The fact that they share a common Soviet past makes helping those countries reform after Soviet rule a given. "Eastern partnership countries are very important for us Balts," Latvian Defense Minister Artis Pabriks says. "We understand their problems better than anybody else in the EU. We enjoy their trust much more than anybody else, so it is natural that we are, and should be, more active in this direction."
Kristina Vaiciunaite of Vilnius, Lithuania, was a teenager when her country broke free of the Soviet Union in 1991. She remembers how, after independence, Scandinavians came to Lithuanian schools and offered students scholarships to study abroad.

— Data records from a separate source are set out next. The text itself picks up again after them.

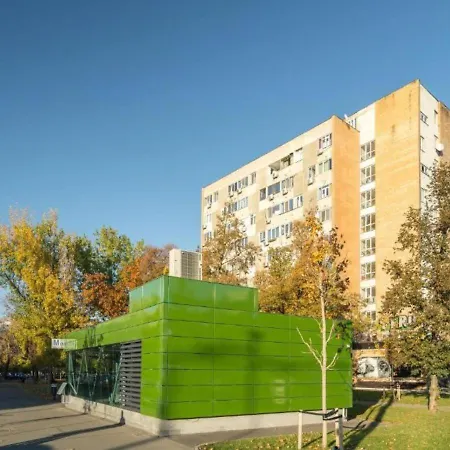 Modern With Balcony Near Metro Access شقة *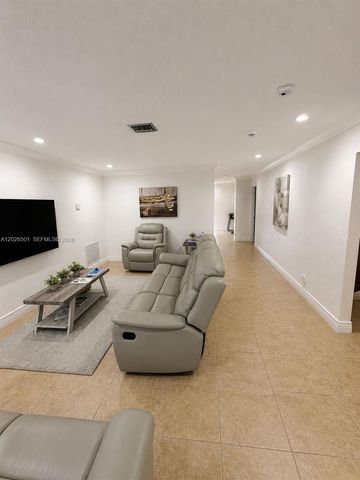 8303 SW 20th St, North Lauderdale, FL 33068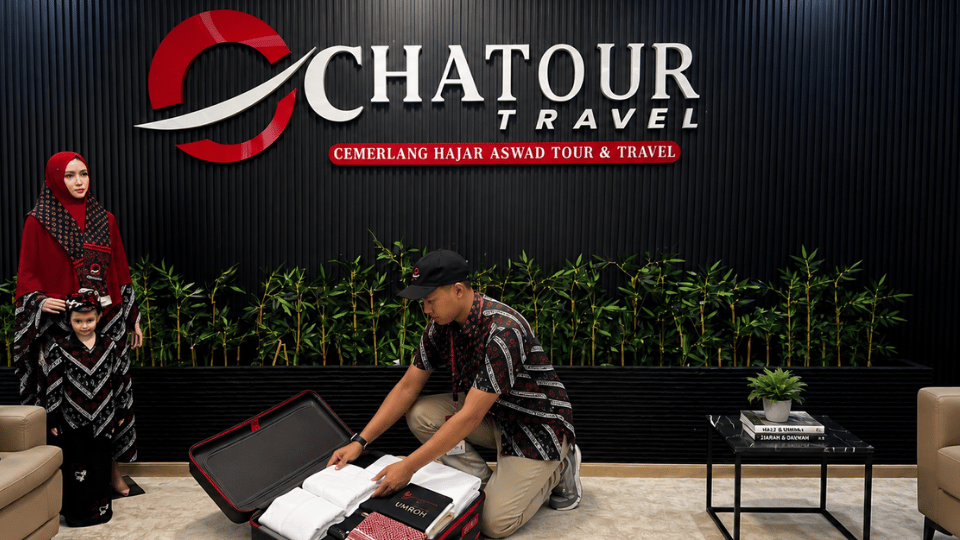 "Umroh 10 Hari Bawa Baju Berapa?" Panduan Praktis Ada di Chatour ID
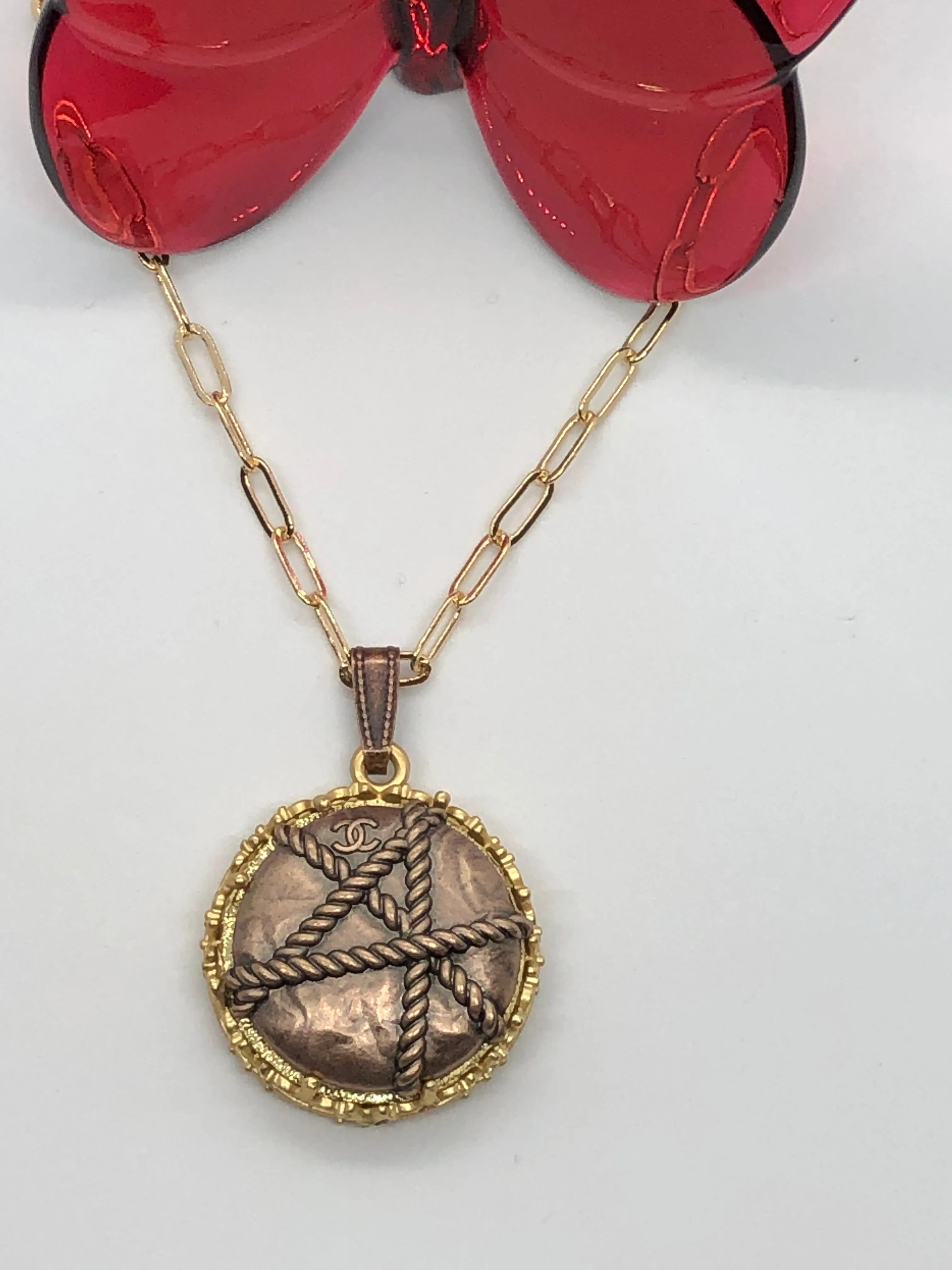 #161 Vintage Couture Necklace 28mm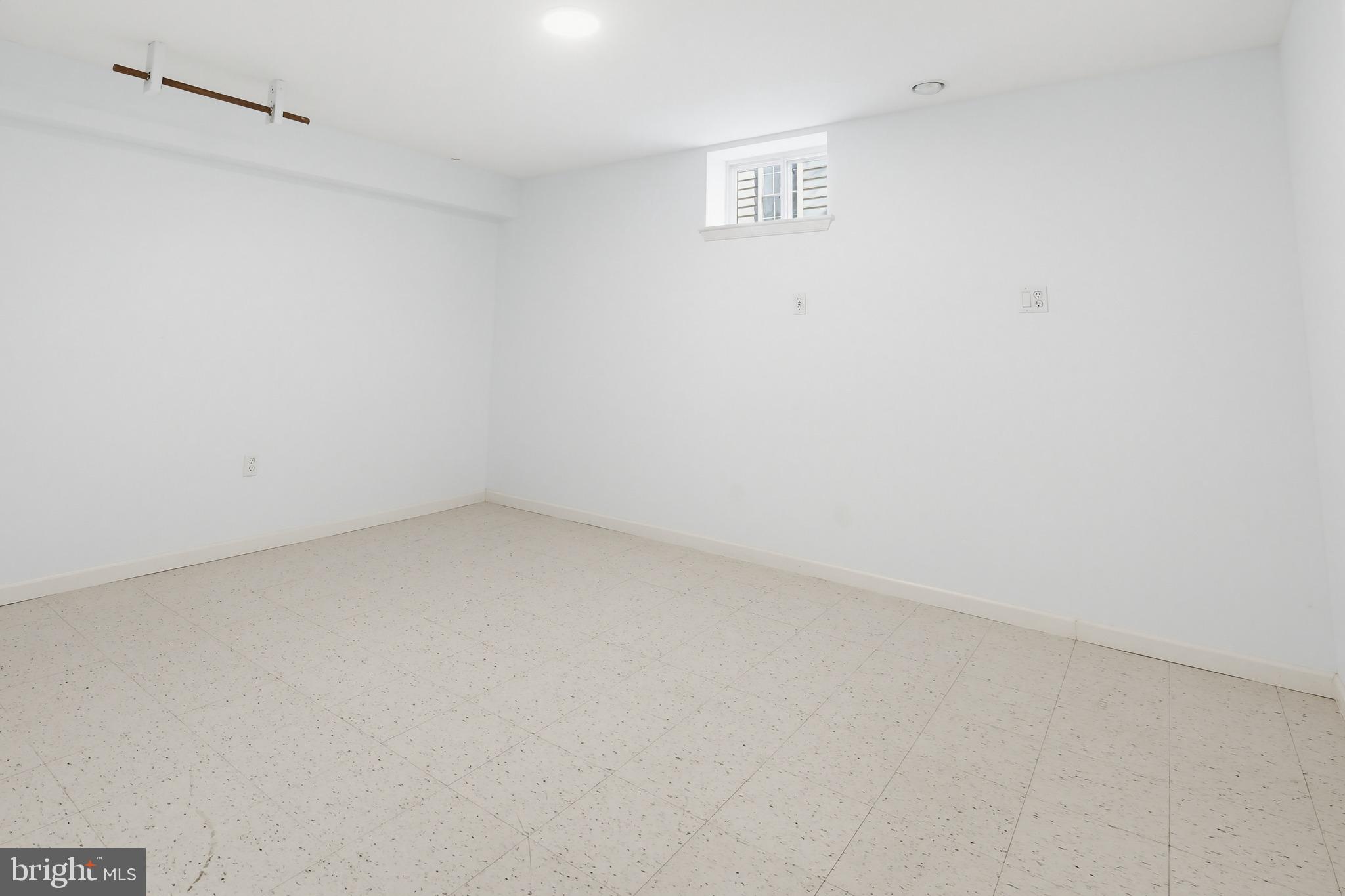 VILLAGE OF RIVER HILL - Residential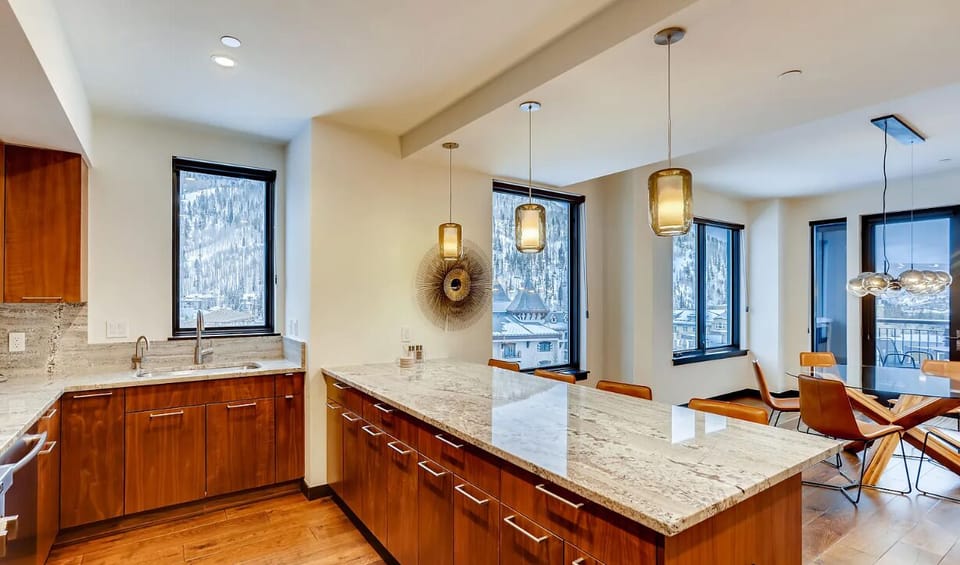 Kitchen - The Lion Vail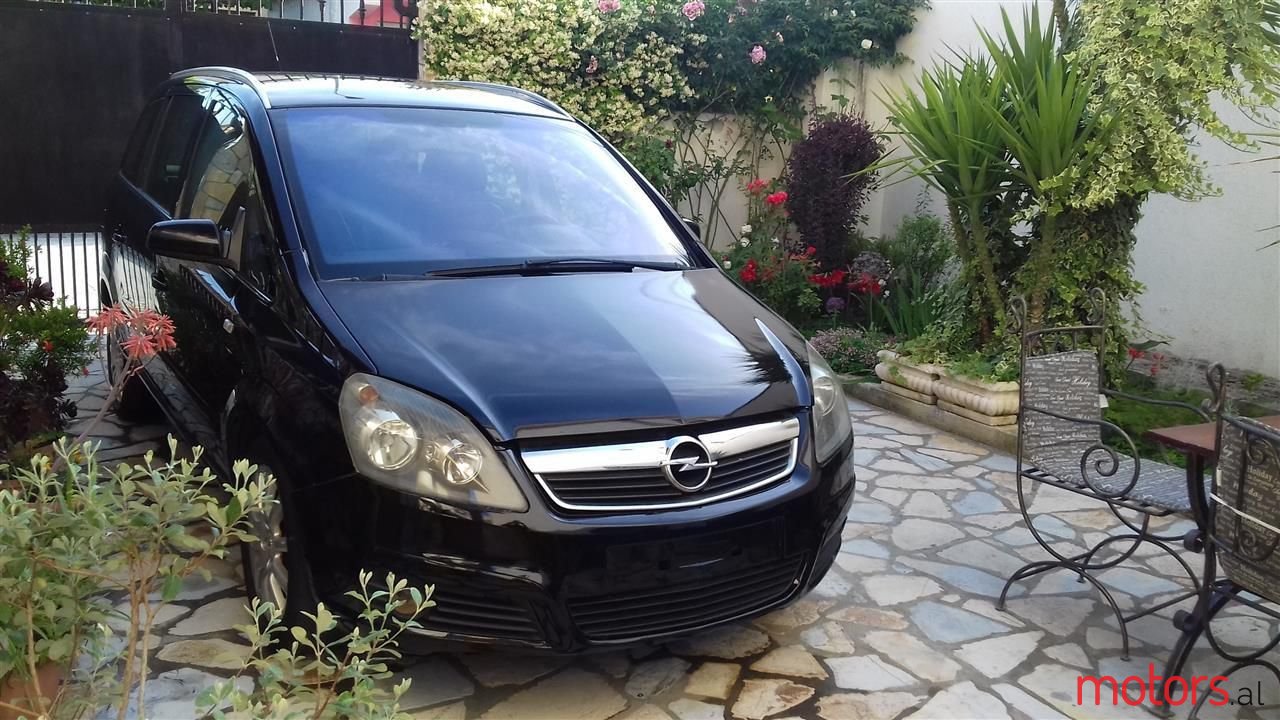2007' Opel Zafira photo #3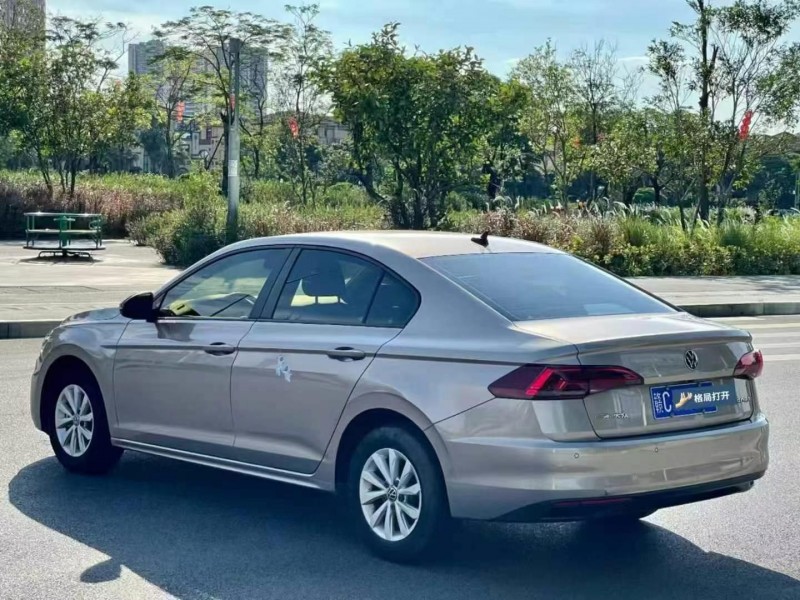 東莞22年大眾寶來7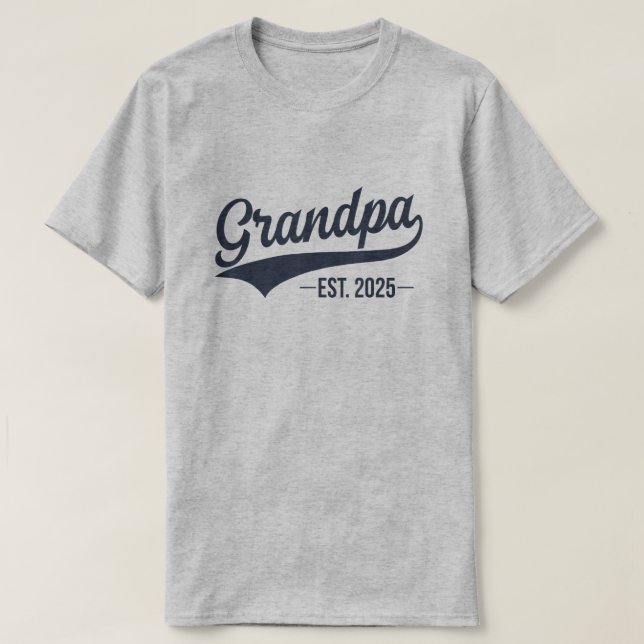 Promoted To Grandpa 2025 Grandpa est 2025 T-Shirt (Design Front)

Now, as head of the Eastern Europe Studies Centre in Vilnius, a nonprofit group advocating Belorussian issues in Brussels, she does the same thing, helping students of Belarus make the journey to Vilnius to study and attend youth camps.
"When Estonia, Latvia, and Lithuania wanted to enter the EU and NATO, they felt that the Scandinavians were the best spokespersons for them, as their closest neighbors," concurs Richard Baerug of the Baltic to Black Sea Alliance in Riga, Latvia, a nonprofit group aimed at promoting Georgia's and Ukraine's accession into NATO.
"Now it's time for the Baltic countries to pick up that relay and try to assist as much as possible new development further east."